Wherever possible, new methods will be introduced and old methods deprecated in 1.9.x releases, with deprecated methods removed in 2.0.x releases. Backwards compatibility between 1.8.x and 1.9.x releases will be preserved where possible (apart from deprecation warnings).

Proposal

1. AbstractIndexDriver

In 1.8, AbstractIndexDriver defines two abstract methods:

  • connect_to_index: Simply calls from_config() from the driver's AbstractIndex implementation.
  • metadata_type_from_doc: Builds an unpersisted MetadataType model from an MDT document (i.e. a dictionary). Essentially a duplicate of the from_doc() method on the Metadata Resource (see below).

Proposal:

  • index_class: New abstract method, returns the driver's AbstractIndex implementation. (1.9)
  • connect_to_index: no longer abstract. Calls self.index_class().from_config(...) directly (1.9)
  • metadata_type_from_doc: Deprecate in 1.9, remove in 2.0 - recommend migration to index.metadata_types.from_doc()

2. AbstractIndex

2a. Boolean "supports" flags

AbstractIndex defines a set of boolean flags which implementations can override to specify which parts of the API they support.

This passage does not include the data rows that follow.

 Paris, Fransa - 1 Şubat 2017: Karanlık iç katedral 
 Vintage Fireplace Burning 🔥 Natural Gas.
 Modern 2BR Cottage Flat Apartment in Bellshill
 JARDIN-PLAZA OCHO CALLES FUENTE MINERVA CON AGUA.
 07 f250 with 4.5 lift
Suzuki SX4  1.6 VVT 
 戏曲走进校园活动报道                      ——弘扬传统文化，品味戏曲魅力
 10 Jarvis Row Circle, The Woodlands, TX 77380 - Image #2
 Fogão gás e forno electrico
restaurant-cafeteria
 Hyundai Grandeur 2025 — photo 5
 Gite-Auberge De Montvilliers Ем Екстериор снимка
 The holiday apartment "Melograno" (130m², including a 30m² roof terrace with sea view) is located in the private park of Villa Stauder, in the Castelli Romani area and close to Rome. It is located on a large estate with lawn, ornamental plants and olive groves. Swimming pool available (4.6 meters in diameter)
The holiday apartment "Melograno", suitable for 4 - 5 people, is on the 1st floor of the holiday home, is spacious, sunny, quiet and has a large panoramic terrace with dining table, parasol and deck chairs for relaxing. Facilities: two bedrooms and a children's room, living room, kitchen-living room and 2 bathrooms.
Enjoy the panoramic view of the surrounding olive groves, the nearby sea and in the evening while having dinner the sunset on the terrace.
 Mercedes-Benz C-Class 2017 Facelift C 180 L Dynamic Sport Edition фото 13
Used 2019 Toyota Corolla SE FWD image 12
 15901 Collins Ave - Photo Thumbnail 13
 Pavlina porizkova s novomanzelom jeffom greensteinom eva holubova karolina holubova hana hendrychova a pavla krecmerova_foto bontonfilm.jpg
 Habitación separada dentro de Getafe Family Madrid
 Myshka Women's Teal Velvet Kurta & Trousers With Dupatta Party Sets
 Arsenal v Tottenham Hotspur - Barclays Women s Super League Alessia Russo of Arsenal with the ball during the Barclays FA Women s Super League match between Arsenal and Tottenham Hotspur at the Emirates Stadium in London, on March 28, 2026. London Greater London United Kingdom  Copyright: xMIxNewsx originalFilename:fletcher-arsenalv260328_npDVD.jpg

The supports flags are relatively recent (introduced in 1.8.8, October 2022) and are only relevant to users working with different index drivers and developers of new drivers. Strict backwards compatibility is therefore not a driving concern in this case, but backwards incompatible changes are noted.

The basic concept seems sound, but this is an opportunity to cleanup and formalise.

Defaults

In 1.8, some flags default to True and some to False, and implementing indexes have to explicitly set only which flags differ from the default.

From 1.9, all flags will default to False. All index implementations must explicitly set flags for all features they support.

Metadata type support flags

These flags indicate which metadata types the index supports. supports_vector is a new addition, the rest already exist in 1.8 - e.g. this is how the postgis driver advertises that it only supports EO3 compatible metadata.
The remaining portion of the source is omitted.